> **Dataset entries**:
□ □ □

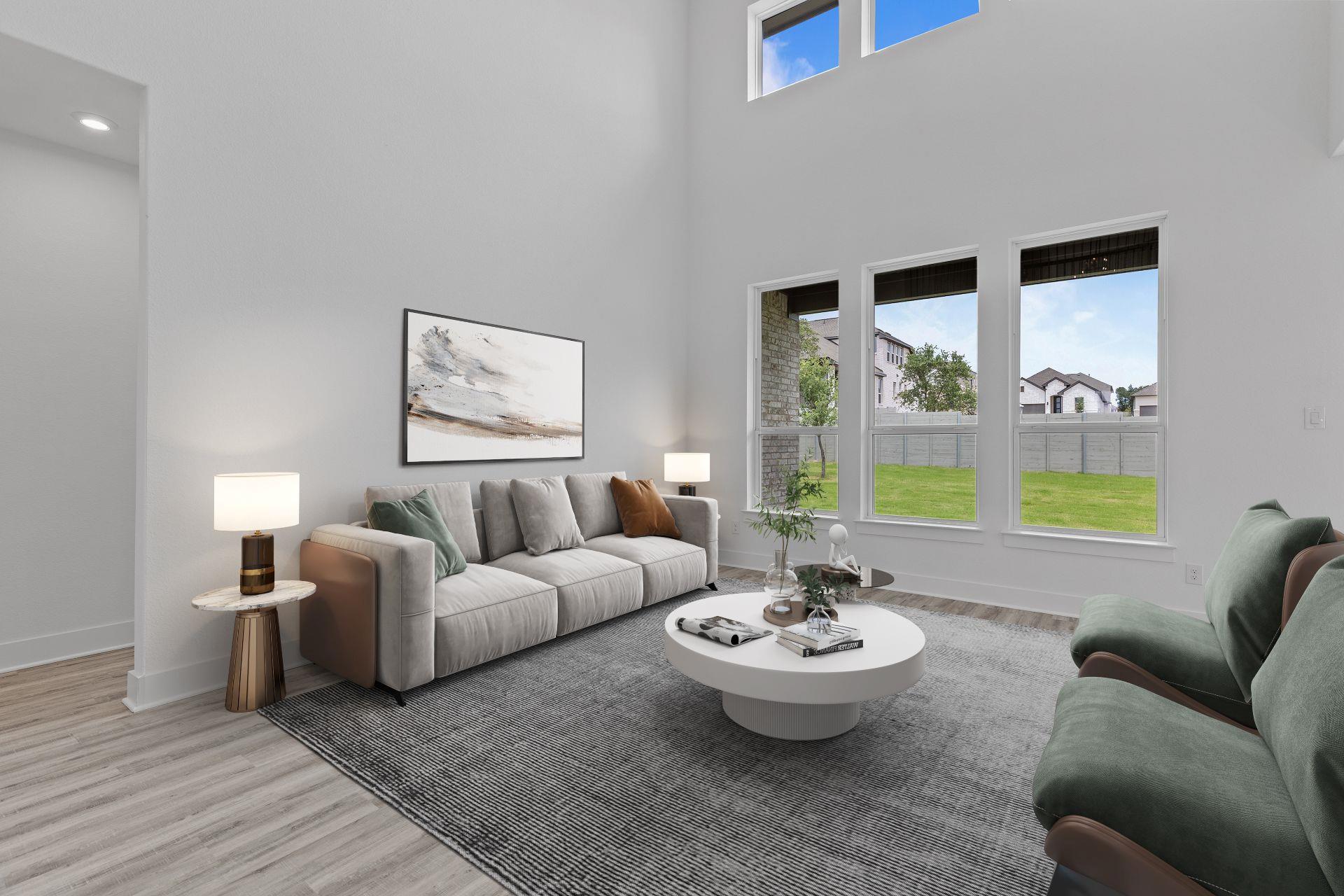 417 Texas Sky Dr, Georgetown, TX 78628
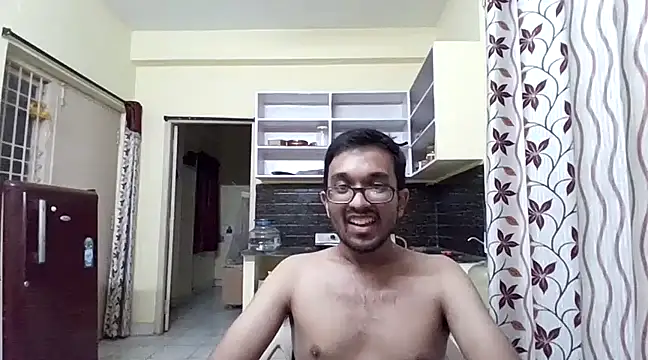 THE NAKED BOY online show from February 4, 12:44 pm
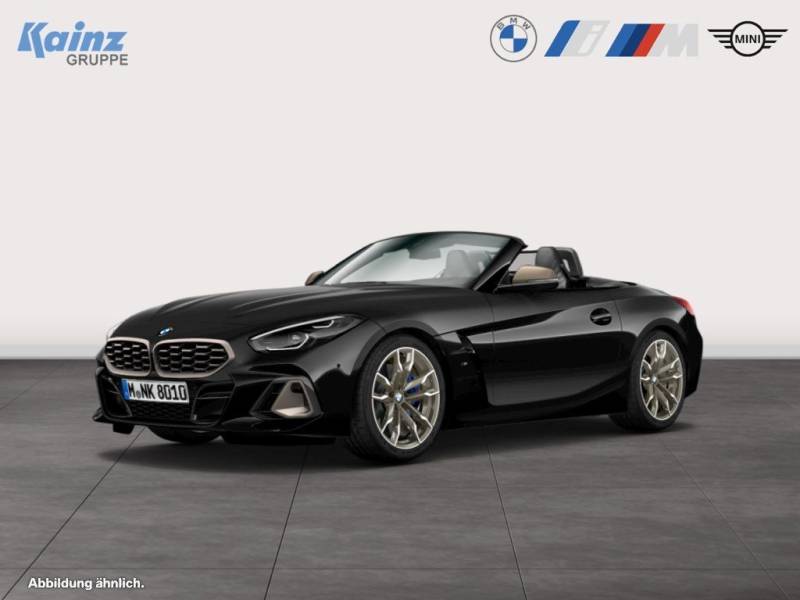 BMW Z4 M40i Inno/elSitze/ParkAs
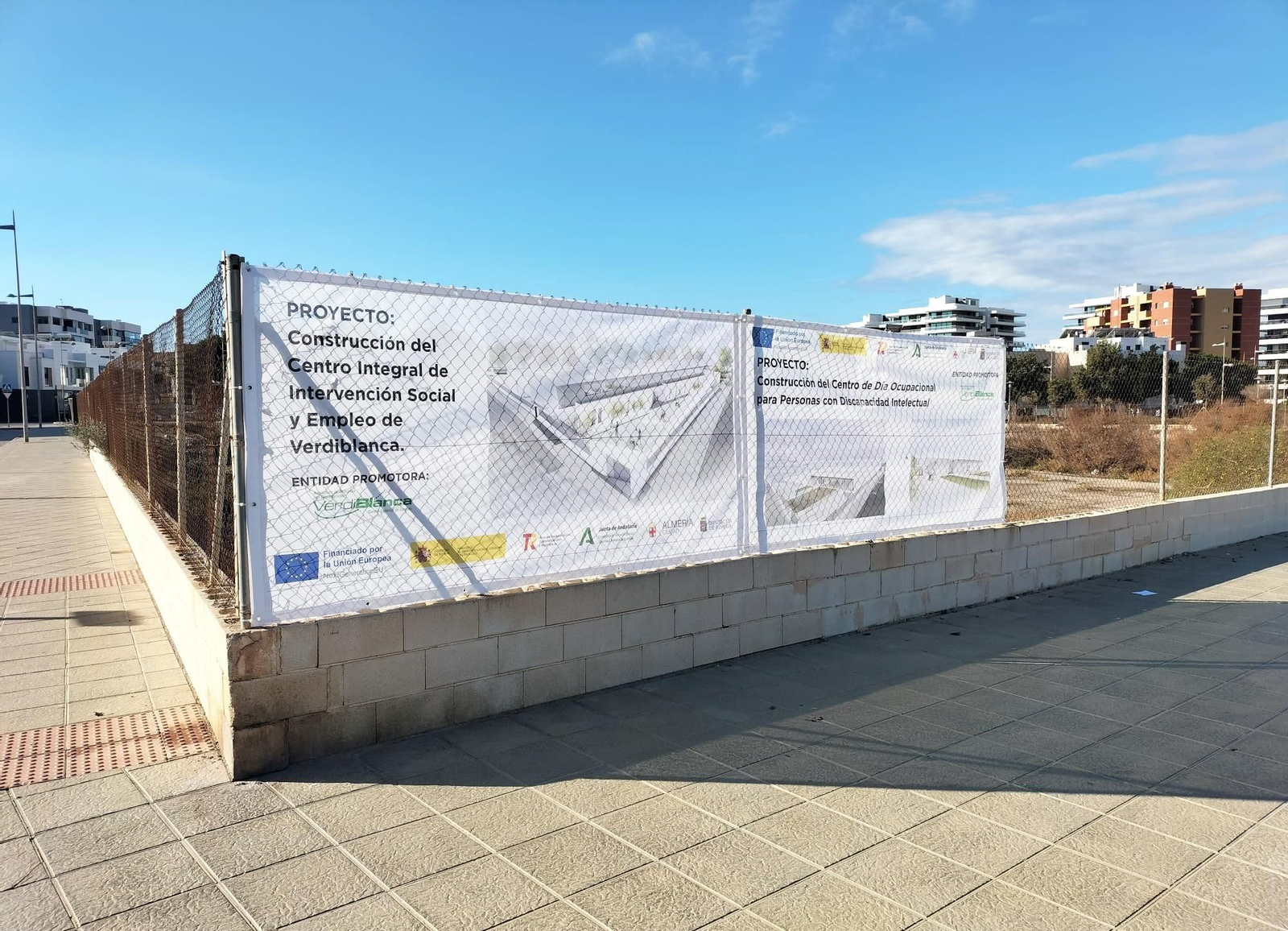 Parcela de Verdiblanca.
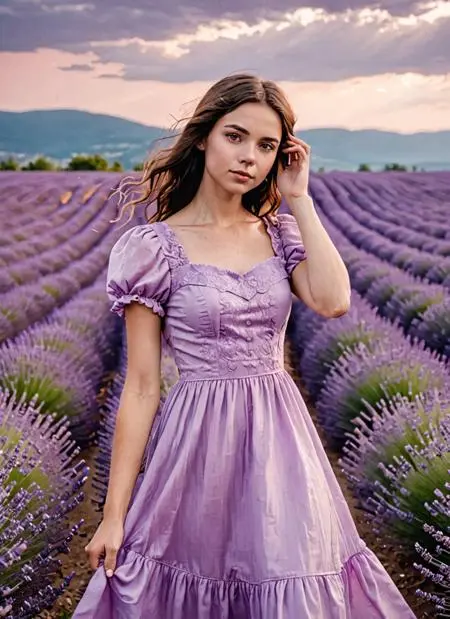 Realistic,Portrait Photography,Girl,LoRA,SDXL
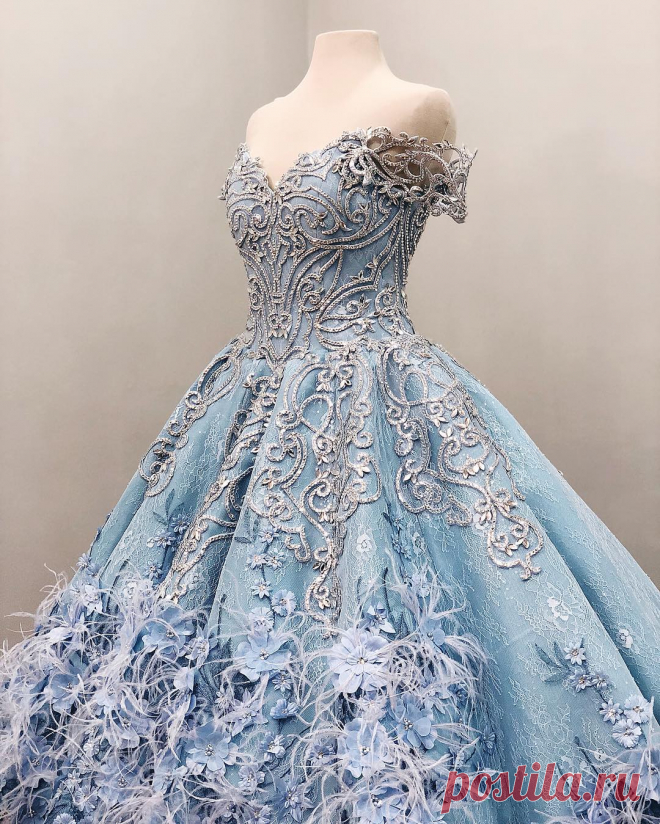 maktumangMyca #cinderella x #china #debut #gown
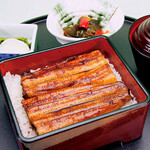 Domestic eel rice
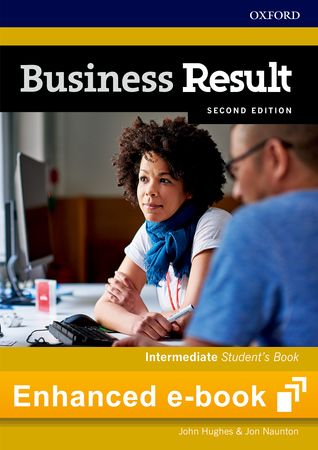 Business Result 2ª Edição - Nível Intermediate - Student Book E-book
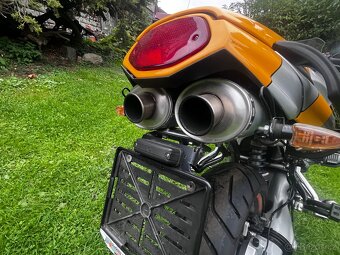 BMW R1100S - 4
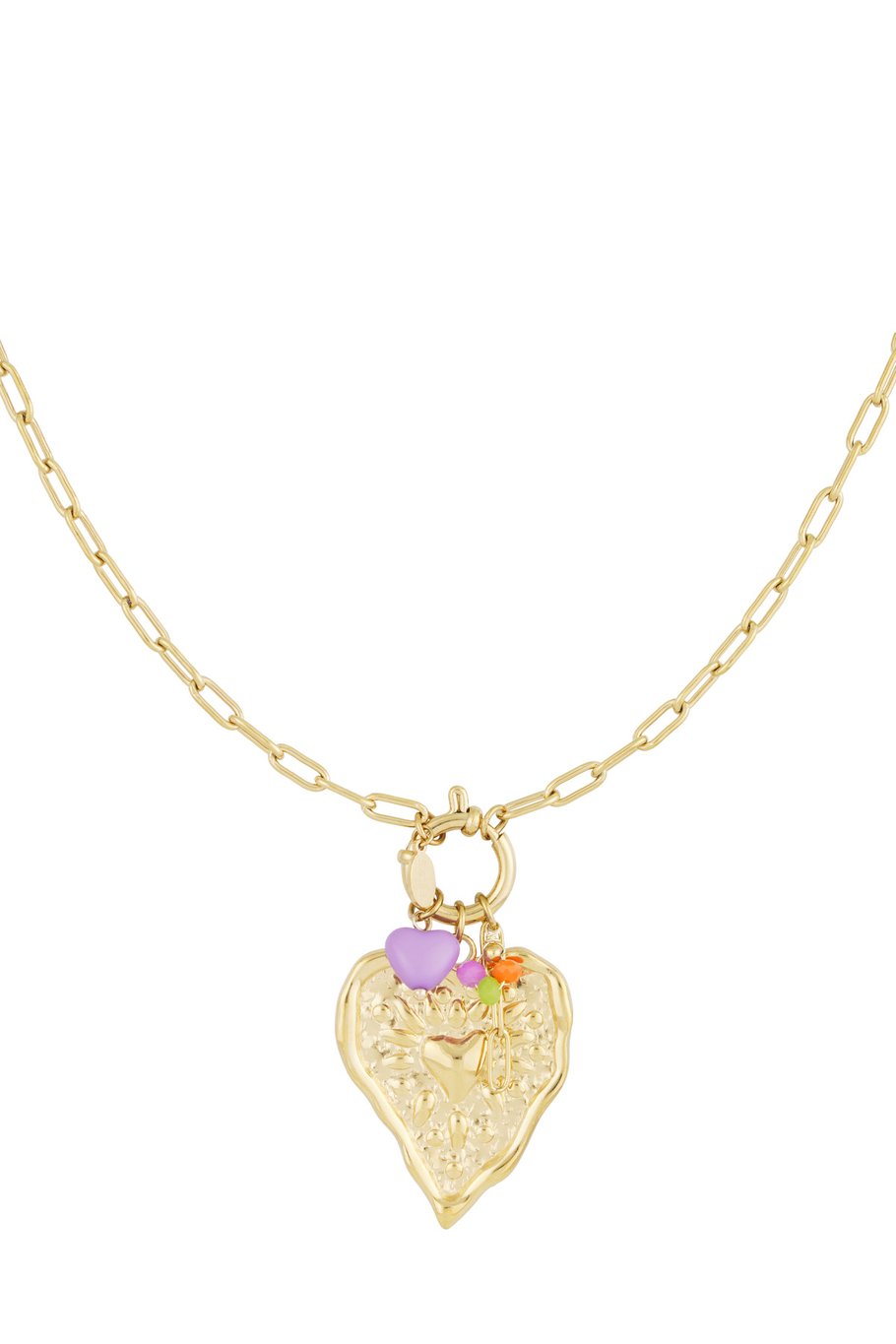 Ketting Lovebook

□ □ □

> **Task**:
Write out the records above once more, word for word, with no pictures.

> **Response area**:
 417 Texas Sky Dr, Georgetown, TX 78628
 THE NAKED BOY online show from February 4, 12:44 pm
 BMW Z4 M40i Inno/elSitze/ParkAs
 Parcela de Verdiblanca.
 Realistic,Portrait Photography,Girl,LoRA,SDXL
 maktumangMyca #cinderella x #china #debut #gown
 Domestic eel rice
 Business Result 2ª Edição - Nível Intermediate - Student Book E-book
 BMW R1100S - 4
 Ketting Lovebook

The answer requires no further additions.